-- Dataset content --
____
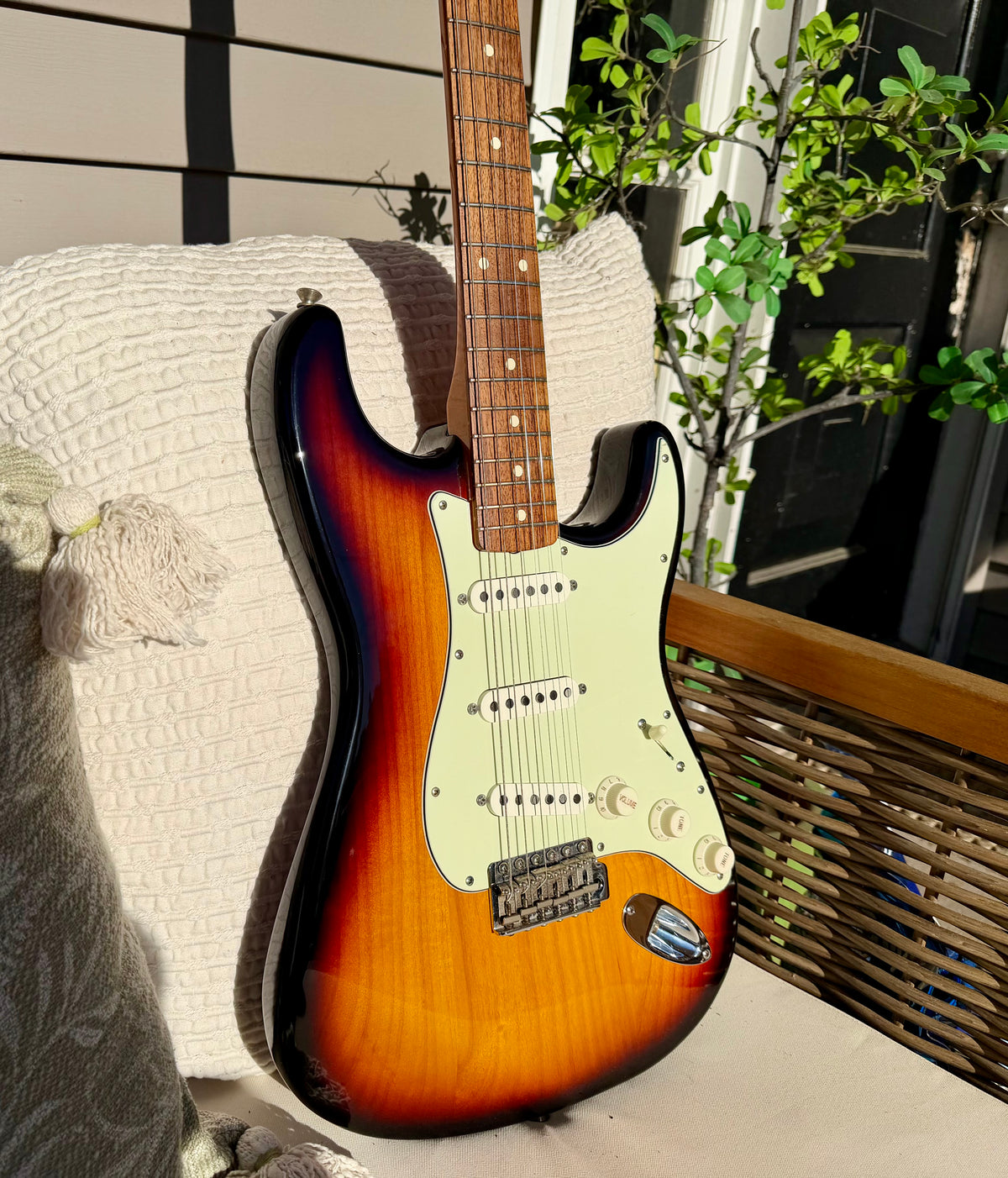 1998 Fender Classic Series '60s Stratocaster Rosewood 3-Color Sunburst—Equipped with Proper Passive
____
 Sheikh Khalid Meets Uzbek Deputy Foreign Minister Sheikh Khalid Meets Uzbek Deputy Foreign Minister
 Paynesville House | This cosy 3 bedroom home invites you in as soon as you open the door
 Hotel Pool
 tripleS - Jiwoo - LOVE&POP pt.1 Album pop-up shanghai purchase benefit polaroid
____
Among the records above, a stretch begins at the line containing "Sheikh Khalid Meets Uzbek Deputy Foreign Minister Sheikh" and ends at the line containing "tripleS - Jiwoo". Restate that stretch word for word, and nothing else.

 Sheikh Khalid Meets Uzbek Deputy Foreign Minister Sheikh Khalid Meets Uzbek Deputy Foreign Minister
 Paynesville House | This cosy 3 bedroom home invites you in as soon as you open the door
 Hotel Pool
 tripleS - Jiwoo - LOVE&POP pt.1 Album pop-up shanghai purchase benefit polaroid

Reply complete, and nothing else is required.